TASK GOAL → Print exactly those lines that run from the beginning of the data to the line bearing "Groovy cake sliced", inclusive.

AVAILABLE DATA →
------------------------------------------------------------------------

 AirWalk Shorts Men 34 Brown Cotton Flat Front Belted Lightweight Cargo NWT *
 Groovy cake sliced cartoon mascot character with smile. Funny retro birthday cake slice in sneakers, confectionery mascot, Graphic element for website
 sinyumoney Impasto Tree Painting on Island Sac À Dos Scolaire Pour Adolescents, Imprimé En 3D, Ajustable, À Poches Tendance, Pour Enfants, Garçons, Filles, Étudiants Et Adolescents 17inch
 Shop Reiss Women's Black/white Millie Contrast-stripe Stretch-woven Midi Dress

------------------------------------------------------------------------

RESPONSE BOX →
 AirWalk Shorts Men 34 Brown Cotton Flat Front Belted Lightweight Cargo NWT *
 Groovy cake sliced cartoon mascot character with smile. Funny retro birthday cake slice in sneakers, confectionery mascot, Graphic element for website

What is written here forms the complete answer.